Ele seguia quase sempre debaixo do sol, suando a testa, procurando algo pra fazer, ou simplesmente um barato para curtir. Gostava de um bom papo e quando falava era quase sem pausa, e emitia de quando em quando, um gaguejado. Mas, mesmo assim, parece que nunca perdia a fala. Até que um dia, o vi falar, vagarosamente, sobre o amor. Sua voz pesava tanto quanto os intervalos entre as palavras, e sua boca fechada, deixava um silêncio denso, torto, grosso, espesso… sim, Hollyland também falava de amor.

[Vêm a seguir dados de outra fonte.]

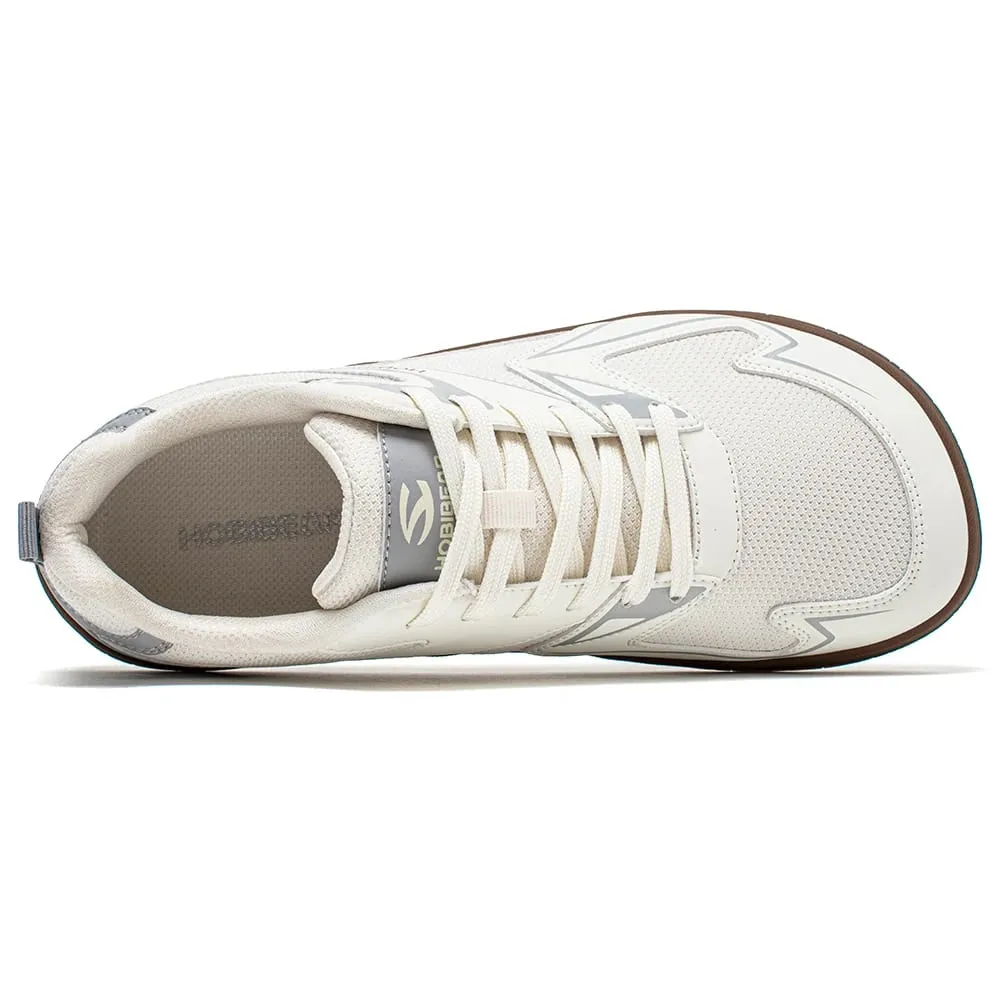 Barfuß-Minimalistenschuhe, Unisex, breite Outdoor-Laufsneaker, rutschfeste Zero-Drop-Wanderschuhe für Damen und Herren — image 6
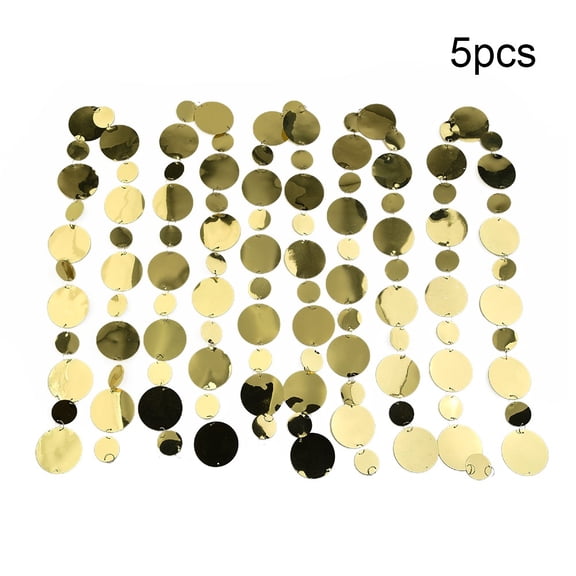 YLLSF PVC sequins Curtains Plastic curtain Home supplies Festive wedding decoration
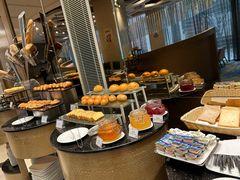 -成都新东方千禧大酒店-琥珀西餐厅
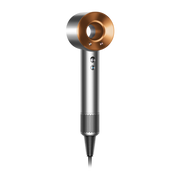 Dyson Supersonic™ Hair Dryer - Bright Nickel/Copper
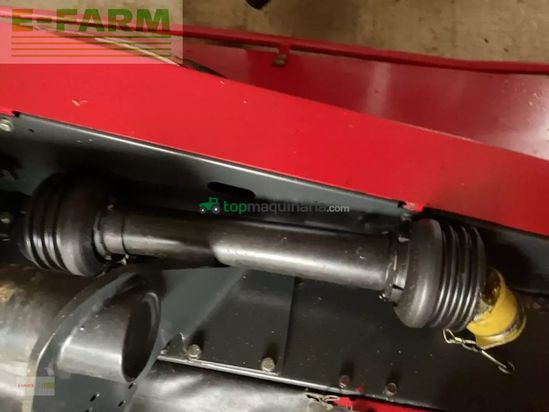 Cortacésped manual - JF Stoll - cm 305 f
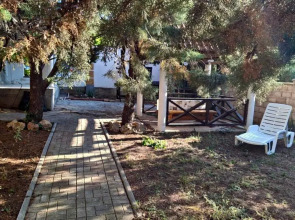 Гостевой дом Тихое место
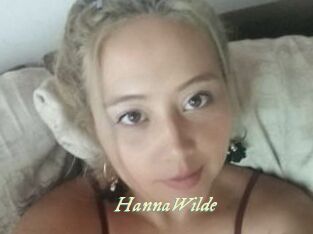 HannaWilde
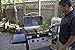 Camp Chef BBQ Grill Box - Outdoor Grill Box for Grill Accessories - 14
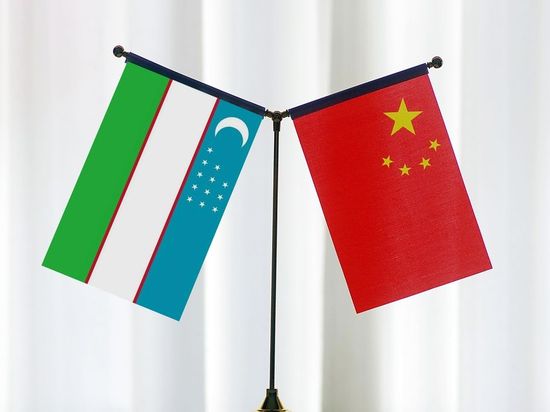 China willing to deepen cooperation with Uzbekistan in various fields: Premier Li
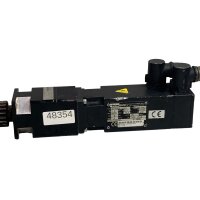 Parker EMD HDY55G4-32S1 Servomotor mit Getriebe PL 10/PL 6C 8000 rpm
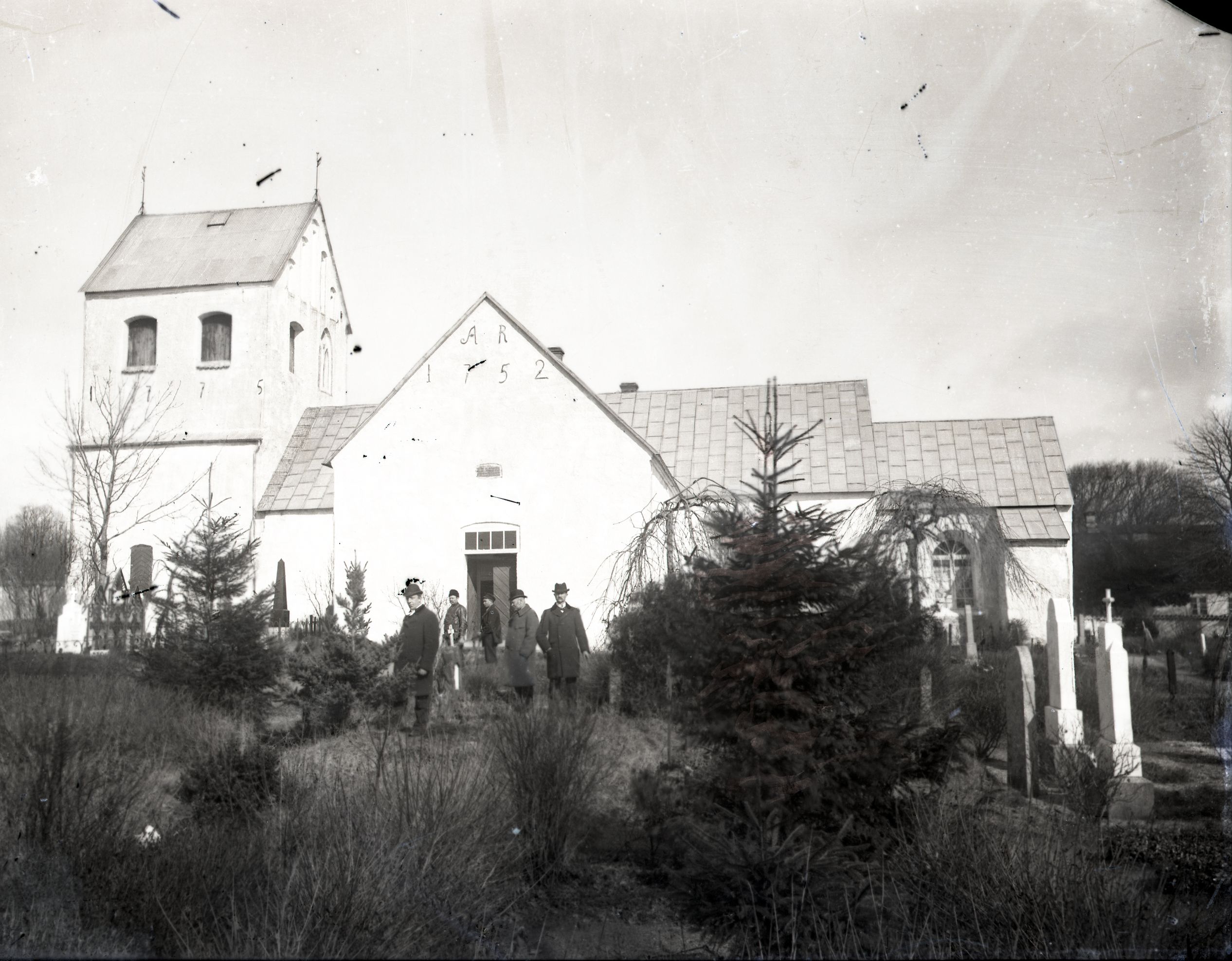 Brunnby kyrka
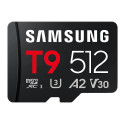 Samsung T9 512GB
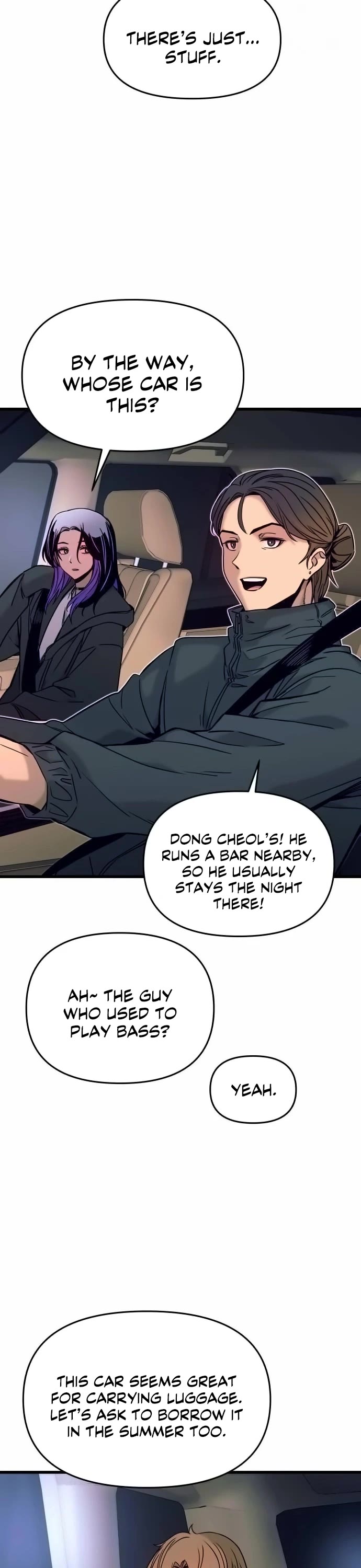 My Bias Gets on the Last Train Chap 20 - Next Chap 21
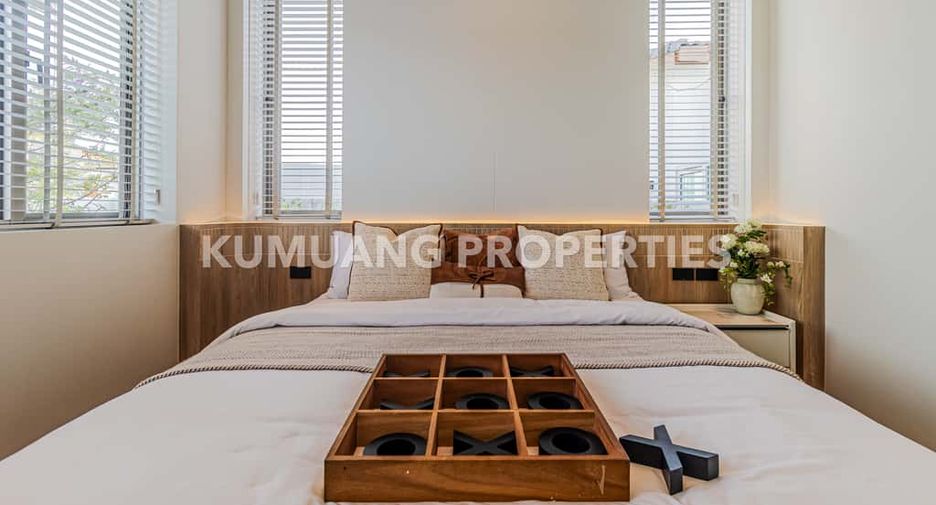 ขาย 4 ห้องนอน วิลล่า ใน หางดง, เชียงใหม่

Fazia metáforas. Sentia o amor como uma doença encravada no peito. Não se podia arrancar, não se podia arrancar… nem os remédios podiam curar.

Mas seguia assim, descombinadamente dançando, fazendo motejos com os braços, mexendo para cima e para baixo, e com seus dedos indicadores que apontavam sua própria direção. Com a barba mal feita, malandrosamente rindo, carregava o motriz para que continuasse seguindo em frente. Tinha em mente que enquanto continuasse andando, continuaria sonhando com as flores, com as florestas verdes, verdes, sempre verdes. Sonhando com a sombra, enfim, para o seu descanso.